Tencent releases new release TencentDB Agent MemoryOpen-source AI memory system. It is distributed under MIT’s license. The project targets two problems that are familiar to those who ship long-horizon agents, context bloats and failures in recall.
The short-term symbol memory is combined with the long-term layered memory. This plugin integrates OpenClaw and the Hermes Agent using a Gateway Adapter. It uses local SQLite and the sqlite-vec extensions as its default backend, which means that no API external is needed.
What makes agent memory difficult?
The majority of current memory stacks shred the data and store it in a vector flat. In this case, recall becomes a similarity-based search on disconnected fragments with no macro level guidance. This architecture is built on two main pillars, memory layering (or symbolic memory) and memory layering.
Four-tier semantic pyramid
TencentDB Agent Memory creates a four level pyramid for personalization over time instead of using a log. Layers are: L0 conversation, L1 atom, L2 scenario, and L3 personality. The layers correspond to raw dialog, atomic fact blocks, scene block, and an user profile.
Personas represent the daily preferences of users and are queried as a first step. Only when more detail is required, the system will drill down into Atoms or raw conversations. Lower layers preserve evidence; upper layers preserve structure.
Storage can be heterogeneous. For full-text retrieval, facts, logs, and trace are stored in databases. The files are human-readable and contain personas, canvases, and scenes. Memory artifacts are stored in layers. ~/.openclaw/memory-tdai/.
Mermaid as a symbol of short-term memory
Tokens are consumed by long-running tasks through tool logs that include code and errors, as well as search results. TencentDB Agent memory addresses this by context offloading in combination with symbolic memories.

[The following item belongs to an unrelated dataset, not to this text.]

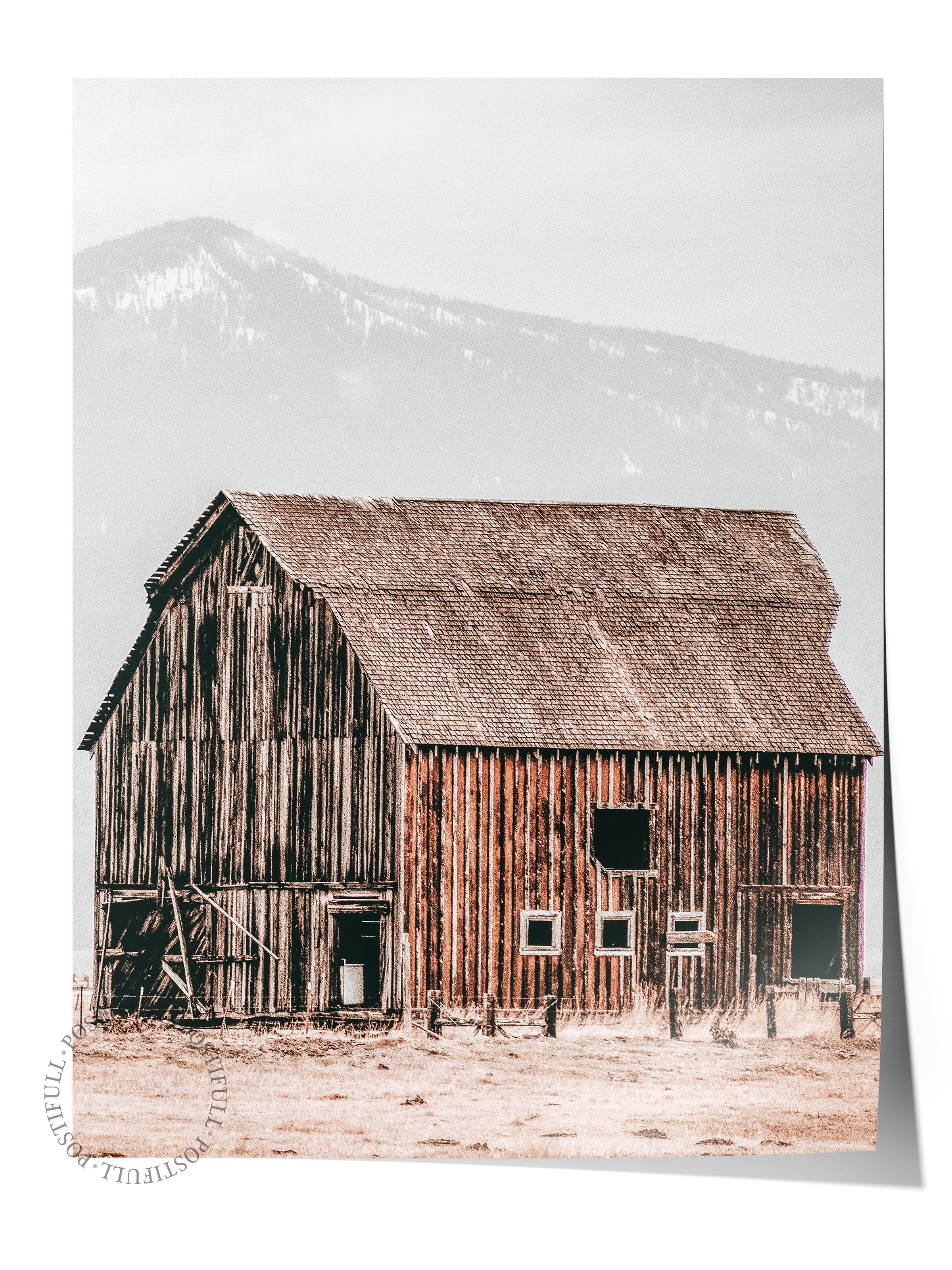 Rustic Çerçevesiz Poster, İskandinav Kahverengi Tablo, NO:413 Ahşap Ev Fotoğraf, Yatay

Under the Full Tool Logs are exported as external files refs/*.md. Mermaid syntactic is used in the lightweight task canvas to encode transitions between states. In its context window, the agent determines what to do with the symbol graph.
It greps the text when it is in need of raw data. node_id The corresponding file is then retrieved. Tencent’s dev team calls this a “deterministic” drill-down, from the top-layer symbol down to the mid-layer index and then to raw text at bottom.
Benchmark numbers
The results are not measured on isolated sessions but over continuous sessions with a long-horizon. The SWE Bench, for instance, simulates context accumulation pressure by running 50 consecutive tasks during a single session.
Integration of OpenClaw with WideSearch improves the pass rate on WideSearch from 33% up to 50%. This is an improvement relative of 51,522%. Token use drops from 221.31M tokens to 85.64M tokens, which is a 61.38% decrease.
SWE Bench: Success increases from 58.4% up to 64.2%, while tokens drop from 34741.1M down to 23755.4M. This is a reduction of 33.09%. On AA – LCR, success rates increase from 44.0% t 47.5%. Tokens fall from 112.0M – 77.3M. That’s a 30.98% reduction.
PersonaMem’s accuracy increases from 48 to 76% for long-term memories. Tencent provided the numbers.
Recall and retrieval
The retrieval strategy defaults to hybrid. Reciprocal Rank Fussion (RRF), combined with BM25 Keyword Search, is the system’s default retrieval strategy. Some developers can use pure Also, The following are some examples of how to use Embedding The mode can be set in a configuration box. The BM25 tokenizer is compatible with both Chinese (jieba), and English.
The default setting triggers an L1 extraction after every 5 turns. Every 50 memories, a user persona will be generated. Recall automatically returns 5 items, with a default timeout of five seconds. Timeouts skip injection instead of blocking the conversation.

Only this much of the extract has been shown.